In data mining, rule management is getting more and more important. Usually, a large number of rules will be induced from large databases in many fields, especially when they are dense. This, however, directly leads to the gained knowledge hard to be understood and interpreted. To eliminate redundant rules from rule base, many efforts have been made and various efficient and outstanding algorithms have been proposed. However, end-users are often unable to complete a mining task because there are still insignificant rules. Thus, it becomes apparent that an efficient technique is needed to discard useless rules as more as possible, without information lossless. To achieve this goal, in this paper we propose an efficient method to filter superfluous rules from knowledge base in a post-processing manner. The main character of our method lies in that it eliminates redundancy of rules by dependent relation, which can be discovered by closed set mining technique. Their performance evaluations show that the compression degree achieved by our proposed method is better and its efficiency is also higher than those of other techniques.
Knowledge discovery in databases (KDD) refers to the overall process of mapping low-level data in large databases into high-level forms that might be more compact, more abstract, or more useful (Fayyad et al., 1996). KDD can be viewed as a multidisciplinary activity because it exploits several research disciplines of artificial intelligence such as machine learning, pattern recognition, expert systems, knowledge acquisition, as well as mathematical disciplines (Bruha, 2000). Its objective is to extract previously unknown and potentially useful information hidden behind data from usually very large databases. As one of core components of KDD, data mining refers to the process of extracting interesting patterns from data by specific algorithms. Due to intuitional meaning and easy understandability, rule has now become one of major representation forms of extracted knowledge or patterns. Under this context, the result produced by data mining techniques is a set of rules, i.e., rule base.
Currently, the major challenge of data mining is not at its efficiency, but at the interpretability of discovered results. During mining stage, a considerable number of rules may be discovered when the real-world database is large. Particularly, if data is highly correlated, the situation will turn worse and quickly out of control. The huge quantity of rules makes themselves difficult to be explored, thus hampers global analysis of discovered knowledge. Furthermore, monitoring and managing of these rules are turned out to be extremely costly and difficult. The straight misfortune to users is that they can not effectively interpret or understand those overwhelming number of rules. Consequently, users may be buried within the masses of gained knowledge again, and nobody will directly benefit from the results of such data mining techniques (Berzal & Cubero, 2007). Hence, it is an urgent requisite for intelligent techniques to handle useless rules and help users to understand the results from the rapidly growing volumes of digital data.

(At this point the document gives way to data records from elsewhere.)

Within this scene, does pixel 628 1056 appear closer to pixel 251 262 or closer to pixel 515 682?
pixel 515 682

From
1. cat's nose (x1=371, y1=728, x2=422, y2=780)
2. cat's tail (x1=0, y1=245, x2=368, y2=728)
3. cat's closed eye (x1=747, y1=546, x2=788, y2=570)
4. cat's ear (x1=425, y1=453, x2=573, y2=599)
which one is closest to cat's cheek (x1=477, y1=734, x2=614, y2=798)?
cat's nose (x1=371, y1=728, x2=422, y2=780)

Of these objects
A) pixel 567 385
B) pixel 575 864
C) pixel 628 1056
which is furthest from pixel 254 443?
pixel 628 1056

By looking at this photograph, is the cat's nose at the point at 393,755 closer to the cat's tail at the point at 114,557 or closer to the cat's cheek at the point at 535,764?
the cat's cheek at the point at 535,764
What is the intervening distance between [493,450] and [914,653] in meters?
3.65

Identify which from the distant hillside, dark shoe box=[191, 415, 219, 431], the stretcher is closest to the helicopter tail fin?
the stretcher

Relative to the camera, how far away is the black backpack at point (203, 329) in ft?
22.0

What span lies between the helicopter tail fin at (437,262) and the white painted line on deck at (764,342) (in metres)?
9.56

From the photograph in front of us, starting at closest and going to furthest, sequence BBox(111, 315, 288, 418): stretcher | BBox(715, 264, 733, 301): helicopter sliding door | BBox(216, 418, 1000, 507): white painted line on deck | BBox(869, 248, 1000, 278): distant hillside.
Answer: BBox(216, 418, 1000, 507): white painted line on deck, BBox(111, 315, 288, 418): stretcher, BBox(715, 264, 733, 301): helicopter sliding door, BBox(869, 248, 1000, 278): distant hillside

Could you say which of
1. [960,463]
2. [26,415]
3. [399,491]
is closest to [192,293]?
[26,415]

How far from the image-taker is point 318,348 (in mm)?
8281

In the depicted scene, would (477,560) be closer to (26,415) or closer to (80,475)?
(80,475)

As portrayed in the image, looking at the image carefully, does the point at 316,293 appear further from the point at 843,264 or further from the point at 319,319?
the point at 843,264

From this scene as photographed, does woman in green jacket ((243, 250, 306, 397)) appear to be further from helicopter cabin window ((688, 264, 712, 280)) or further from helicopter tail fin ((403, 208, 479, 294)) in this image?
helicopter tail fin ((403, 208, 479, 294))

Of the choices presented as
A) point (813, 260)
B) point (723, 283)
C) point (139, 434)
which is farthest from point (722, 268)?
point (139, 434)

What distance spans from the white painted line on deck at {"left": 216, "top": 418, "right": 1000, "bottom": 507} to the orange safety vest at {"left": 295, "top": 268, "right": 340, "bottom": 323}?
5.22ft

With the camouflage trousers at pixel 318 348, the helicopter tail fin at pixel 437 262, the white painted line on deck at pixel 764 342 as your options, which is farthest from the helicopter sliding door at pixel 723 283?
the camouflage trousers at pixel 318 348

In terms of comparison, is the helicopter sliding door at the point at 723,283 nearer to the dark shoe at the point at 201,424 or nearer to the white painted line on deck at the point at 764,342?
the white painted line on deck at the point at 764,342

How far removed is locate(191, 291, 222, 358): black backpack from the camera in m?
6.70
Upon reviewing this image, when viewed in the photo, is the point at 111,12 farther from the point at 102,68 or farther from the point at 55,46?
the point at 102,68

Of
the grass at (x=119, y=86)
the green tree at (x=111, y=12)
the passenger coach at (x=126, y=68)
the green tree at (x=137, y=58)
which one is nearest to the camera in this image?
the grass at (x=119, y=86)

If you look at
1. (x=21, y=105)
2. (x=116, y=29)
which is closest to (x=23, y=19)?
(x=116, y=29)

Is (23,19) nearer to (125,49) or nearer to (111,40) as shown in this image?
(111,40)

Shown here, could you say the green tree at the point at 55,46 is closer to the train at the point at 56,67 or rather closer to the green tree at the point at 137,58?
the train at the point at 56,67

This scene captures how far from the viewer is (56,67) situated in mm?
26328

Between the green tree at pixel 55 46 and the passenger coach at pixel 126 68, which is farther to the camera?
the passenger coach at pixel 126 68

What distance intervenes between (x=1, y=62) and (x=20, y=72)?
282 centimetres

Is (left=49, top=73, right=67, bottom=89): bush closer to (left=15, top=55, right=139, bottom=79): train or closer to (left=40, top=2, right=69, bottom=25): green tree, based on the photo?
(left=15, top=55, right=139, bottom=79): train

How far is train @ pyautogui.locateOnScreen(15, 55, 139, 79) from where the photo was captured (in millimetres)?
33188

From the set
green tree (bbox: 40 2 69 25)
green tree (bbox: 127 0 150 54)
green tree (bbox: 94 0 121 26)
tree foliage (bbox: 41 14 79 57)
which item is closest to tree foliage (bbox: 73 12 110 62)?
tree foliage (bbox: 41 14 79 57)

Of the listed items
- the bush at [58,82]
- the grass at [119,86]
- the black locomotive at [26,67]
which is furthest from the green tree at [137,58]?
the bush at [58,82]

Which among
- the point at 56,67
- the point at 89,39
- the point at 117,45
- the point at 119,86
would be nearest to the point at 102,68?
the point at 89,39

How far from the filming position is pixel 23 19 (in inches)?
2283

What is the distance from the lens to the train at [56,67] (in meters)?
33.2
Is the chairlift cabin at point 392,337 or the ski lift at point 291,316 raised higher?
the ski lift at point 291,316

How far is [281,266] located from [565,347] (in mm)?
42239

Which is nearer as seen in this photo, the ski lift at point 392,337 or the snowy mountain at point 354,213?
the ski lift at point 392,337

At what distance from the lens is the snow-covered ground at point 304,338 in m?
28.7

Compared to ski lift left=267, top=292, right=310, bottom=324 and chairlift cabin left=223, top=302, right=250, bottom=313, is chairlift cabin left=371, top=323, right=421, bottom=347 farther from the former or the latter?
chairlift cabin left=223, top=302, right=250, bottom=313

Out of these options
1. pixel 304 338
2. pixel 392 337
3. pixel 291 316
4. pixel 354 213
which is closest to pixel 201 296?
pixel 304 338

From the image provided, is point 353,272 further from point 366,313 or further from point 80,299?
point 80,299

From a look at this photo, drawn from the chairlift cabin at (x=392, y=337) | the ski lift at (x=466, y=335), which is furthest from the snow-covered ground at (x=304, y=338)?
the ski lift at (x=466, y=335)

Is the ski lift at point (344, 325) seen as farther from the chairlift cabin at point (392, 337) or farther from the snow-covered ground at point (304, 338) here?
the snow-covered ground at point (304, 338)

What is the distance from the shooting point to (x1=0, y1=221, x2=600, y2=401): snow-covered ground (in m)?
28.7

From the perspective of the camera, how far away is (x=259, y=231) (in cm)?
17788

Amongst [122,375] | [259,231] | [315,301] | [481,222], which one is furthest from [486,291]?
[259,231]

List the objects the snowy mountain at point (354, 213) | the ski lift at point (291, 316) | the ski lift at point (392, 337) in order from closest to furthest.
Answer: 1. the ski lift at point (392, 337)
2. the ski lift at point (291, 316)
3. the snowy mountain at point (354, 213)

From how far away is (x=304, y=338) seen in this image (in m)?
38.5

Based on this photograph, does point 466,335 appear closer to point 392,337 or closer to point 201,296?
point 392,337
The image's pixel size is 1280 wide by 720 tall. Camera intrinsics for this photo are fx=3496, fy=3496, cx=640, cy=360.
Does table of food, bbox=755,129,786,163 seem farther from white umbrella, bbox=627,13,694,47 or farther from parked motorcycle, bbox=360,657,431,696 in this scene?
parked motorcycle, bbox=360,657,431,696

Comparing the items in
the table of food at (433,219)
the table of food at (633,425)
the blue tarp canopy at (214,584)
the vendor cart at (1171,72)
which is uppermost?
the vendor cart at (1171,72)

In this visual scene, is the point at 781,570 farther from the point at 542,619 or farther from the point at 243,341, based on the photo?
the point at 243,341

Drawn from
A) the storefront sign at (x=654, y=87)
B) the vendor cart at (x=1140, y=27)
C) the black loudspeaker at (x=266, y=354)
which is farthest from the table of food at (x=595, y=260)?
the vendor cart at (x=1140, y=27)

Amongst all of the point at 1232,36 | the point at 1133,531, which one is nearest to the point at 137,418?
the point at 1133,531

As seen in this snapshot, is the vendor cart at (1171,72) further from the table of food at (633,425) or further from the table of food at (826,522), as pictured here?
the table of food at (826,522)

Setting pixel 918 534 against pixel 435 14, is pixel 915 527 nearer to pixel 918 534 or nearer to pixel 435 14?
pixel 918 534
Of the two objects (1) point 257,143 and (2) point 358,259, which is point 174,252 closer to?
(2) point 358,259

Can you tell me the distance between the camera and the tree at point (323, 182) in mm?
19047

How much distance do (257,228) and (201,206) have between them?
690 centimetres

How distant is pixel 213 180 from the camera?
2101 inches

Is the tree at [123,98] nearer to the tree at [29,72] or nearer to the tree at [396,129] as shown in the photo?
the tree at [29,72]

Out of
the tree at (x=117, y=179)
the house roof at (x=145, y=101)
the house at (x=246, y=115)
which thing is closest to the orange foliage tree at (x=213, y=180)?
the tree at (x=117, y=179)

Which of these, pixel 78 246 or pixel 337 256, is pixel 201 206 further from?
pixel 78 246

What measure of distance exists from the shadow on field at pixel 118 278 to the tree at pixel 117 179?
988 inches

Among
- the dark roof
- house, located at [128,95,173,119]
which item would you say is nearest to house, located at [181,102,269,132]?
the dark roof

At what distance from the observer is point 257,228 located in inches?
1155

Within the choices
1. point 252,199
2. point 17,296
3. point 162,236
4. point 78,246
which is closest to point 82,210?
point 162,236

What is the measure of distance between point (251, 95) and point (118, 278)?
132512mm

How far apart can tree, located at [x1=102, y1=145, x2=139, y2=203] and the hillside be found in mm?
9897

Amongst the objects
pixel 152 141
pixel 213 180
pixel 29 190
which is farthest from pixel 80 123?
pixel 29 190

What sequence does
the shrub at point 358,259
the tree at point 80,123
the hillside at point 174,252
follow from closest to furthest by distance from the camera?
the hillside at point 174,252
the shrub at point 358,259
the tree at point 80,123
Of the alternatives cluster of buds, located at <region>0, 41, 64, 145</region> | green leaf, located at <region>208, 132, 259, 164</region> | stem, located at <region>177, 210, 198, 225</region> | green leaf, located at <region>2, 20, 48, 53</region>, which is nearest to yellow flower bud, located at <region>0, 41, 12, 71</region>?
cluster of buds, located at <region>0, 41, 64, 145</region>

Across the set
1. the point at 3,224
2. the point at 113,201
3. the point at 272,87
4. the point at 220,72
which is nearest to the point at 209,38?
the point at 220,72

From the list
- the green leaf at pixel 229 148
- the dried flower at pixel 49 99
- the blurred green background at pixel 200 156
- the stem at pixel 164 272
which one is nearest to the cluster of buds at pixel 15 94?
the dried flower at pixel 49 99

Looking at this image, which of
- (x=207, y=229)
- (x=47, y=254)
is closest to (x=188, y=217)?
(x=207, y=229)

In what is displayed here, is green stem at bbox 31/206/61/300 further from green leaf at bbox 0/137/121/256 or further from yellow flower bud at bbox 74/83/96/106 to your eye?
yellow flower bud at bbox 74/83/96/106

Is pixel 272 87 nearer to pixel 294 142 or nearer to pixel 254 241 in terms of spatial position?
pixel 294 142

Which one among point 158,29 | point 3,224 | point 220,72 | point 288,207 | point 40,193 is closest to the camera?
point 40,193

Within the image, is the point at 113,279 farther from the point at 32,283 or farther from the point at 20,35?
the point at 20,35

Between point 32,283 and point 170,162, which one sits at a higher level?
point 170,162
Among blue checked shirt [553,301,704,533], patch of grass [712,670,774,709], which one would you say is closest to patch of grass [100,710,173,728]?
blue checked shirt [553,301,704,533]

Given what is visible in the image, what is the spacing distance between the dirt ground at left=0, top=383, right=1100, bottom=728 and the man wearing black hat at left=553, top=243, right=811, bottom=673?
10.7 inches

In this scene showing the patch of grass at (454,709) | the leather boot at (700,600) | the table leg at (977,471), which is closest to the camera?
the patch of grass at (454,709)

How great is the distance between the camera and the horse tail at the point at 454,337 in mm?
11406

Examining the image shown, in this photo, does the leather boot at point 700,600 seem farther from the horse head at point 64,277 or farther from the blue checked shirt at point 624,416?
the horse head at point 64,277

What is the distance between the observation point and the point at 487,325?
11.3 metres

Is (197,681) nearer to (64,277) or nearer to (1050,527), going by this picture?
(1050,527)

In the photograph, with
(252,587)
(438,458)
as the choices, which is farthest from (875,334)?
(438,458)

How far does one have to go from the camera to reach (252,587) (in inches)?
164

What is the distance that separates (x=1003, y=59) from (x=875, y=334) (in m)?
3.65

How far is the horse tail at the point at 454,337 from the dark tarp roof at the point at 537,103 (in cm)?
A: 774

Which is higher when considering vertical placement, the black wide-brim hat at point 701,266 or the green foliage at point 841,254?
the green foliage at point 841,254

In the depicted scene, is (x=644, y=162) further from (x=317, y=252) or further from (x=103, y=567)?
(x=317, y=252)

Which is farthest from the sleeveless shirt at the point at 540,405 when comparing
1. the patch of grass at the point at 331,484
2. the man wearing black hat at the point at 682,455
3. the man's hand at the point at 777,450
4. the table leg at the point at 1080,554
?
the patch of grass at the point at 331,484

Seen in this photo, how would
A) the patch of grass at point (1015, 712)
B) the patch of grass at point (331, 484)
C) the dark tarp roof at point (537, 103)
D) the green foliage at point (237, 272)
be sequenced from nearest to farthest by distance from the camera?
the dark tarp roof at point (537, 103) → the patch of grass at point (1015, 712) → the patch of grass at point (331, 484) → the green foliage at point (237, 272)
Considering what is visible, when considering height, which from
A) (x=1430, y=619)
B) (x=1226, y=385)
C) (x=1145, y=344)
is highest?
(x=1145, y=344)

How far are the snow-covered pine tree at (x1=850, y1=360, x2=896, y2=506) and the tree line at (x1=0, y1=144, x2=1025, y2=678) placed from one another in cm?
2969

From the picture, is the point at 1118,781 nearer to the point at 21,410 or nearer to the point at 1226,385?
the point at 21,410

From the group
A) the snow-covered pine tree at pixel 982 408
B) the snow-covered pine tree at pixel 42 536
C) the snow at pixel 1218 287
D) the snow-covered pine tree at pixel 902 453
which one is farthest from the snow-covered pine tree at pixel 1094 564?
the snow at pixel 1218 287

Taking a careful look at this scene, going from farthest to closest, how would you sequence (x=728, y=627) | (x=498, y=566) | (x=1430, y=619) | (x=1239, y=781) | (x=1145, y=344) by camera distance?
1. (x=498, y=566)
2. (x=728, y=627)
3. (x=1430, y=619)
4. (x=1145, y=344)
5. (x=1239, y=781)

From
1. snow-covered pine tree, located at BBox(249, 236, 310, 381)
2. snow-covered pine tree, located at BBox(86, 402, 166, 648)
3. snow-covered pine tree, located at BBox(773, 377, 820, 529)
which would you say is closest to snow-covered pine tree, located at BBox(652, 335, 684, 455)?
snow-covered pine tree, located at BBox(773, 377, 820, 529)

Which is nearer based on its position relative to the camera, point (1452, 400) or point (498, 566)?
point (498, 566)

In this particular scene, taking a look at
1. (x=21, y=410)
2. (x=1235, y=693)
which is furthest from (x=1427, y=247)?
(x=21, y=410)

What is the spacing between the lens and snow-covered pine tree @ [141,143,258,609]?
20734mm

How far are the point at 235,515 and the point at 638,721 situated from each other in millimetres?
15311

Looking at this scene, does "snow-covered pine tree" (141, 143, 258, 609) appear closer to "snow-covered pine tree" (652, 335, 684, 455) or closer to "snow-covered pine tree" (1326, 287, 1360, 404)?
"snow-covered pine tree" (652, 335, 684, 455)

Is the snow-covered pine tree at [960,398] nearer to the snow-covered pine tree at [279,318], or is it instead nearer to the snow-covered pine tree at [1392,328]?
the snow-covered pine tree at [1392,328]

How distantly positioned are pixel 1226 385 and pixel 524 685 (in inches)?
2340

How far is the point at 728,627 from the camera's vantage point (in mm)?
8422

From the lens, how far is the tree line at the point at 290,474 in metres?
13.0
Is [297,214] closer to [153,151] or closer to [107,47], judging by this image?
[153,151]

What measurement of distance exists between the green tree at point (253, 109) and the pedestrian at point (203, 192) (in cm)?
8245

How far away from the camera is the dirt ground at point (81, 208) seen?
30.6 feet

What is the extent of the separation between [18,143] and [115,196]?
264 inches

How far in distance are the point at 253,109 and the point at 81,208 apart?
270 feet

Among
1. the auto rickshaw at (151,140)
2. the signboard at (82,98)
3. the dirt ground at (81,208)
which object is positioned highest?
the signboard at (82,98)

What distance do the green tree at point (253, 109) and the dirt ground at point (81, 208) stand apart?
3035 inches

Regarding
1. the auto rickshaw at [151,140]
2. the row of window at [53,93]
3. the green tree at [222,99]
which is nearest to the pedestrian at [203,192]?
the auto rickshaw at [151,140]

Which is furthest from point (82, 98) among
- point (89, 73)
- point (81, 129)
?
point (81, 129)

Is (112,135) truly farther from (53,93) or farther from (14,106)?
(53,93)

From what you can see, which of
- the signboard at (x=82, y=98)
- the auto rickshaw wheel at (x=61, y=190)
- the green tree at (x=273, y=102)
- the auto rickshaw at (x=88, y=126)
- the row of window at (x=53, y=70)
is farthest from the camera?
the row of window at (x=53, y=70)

Post-processing, whose purpose is to enhance the quality of the mined knowledge, plays a vital role in circumventing the aforementioned dilemma. The main advantage of post-processing is that it can effectively assist end-users to understand and interpret the meaning knowledge nuggets (Baesens et al., 2000). The post-processing procedure usually consists of four main steps, i.e., quality processing, summarizing, grouping and visualization. At the core of these routines, rule quality processing (e.g., pruning and filtering) is considered to be the most important one (Bruha, 2000), because this procedure can eliminate lots of noisy, redundant or insignificant rules and provide users with compact and precise knowledge derived from databases by data mining methods. From the view of end-users, a concise or condensed rule base is more preferable, because on the ground of it, decision-makers can make a quick and precise response to unseen data without being distracted by noise information.
In data mining community, many attentions have now been paid on dealing with noise knowledge through measuring similarity or redundancy. For example, distance metrics, e.g., Euclidean distance (Waitman et al., 2006), are often used to measure the similarity between rules, and those rules with high similarity will be discarded. In addition, Chi-square tests (Liu et al., 1999) and entropy (Jaroszewicz and Simovici, 2002) are addressed to analyze the distance between rules in the post-processing phase. Besides, some classifiers explore efficient data structures, such as bitmap technique (Jacquene et al., 2006) and prefix tree (Li et al., 2001), to store and retrieve rules. Moreover, various interestingness measurements, both objective and subjective, are also considered in studying the issue of rules importance (Geng and Hamilton, 2006). As a representative example, Brin et al. (1997) outlined a conviction measurement to express rule interestingness.